TO DO: In the records below, the line with "سكوتش فولد ستريت" and every line after it must be written out exactly; no pictures belong in the result.

RECORDS SUPPLIED:
***
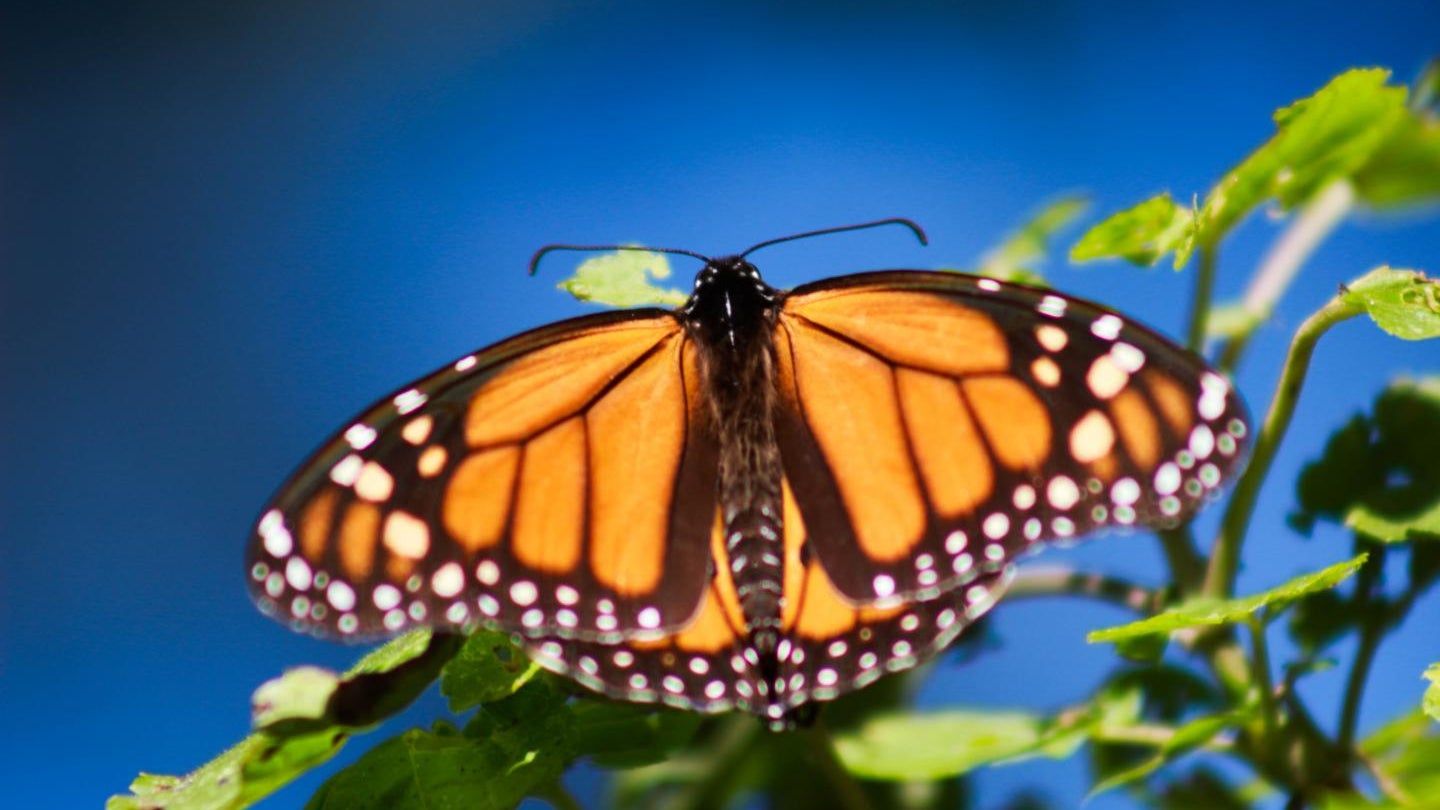 To save monarch butterflies, we need more milkweed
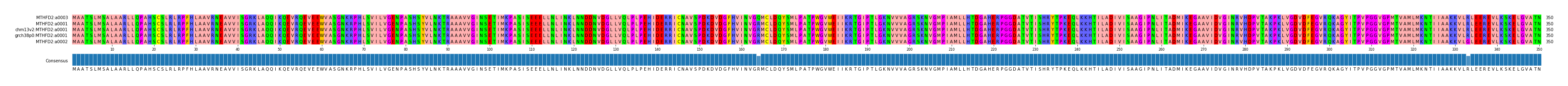 Multiple Alignments (by translate haplotype similarity)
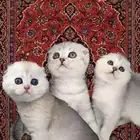 سكوتش فولد ستريت برتش شورت هير انثى ذكر قطط للبيع جدة مكة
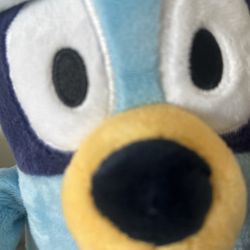 Bluey Doll 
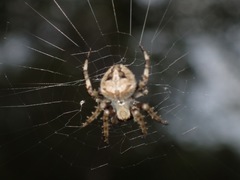 Neoscona menghaiensis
***
RESULT OF THIS TASK:
 سكوتش فولد ستريت برتش شورت هير انثى ذكر قطط للبيع جدة مكة
 Bluey Doll 
 Neoscona menghaiensis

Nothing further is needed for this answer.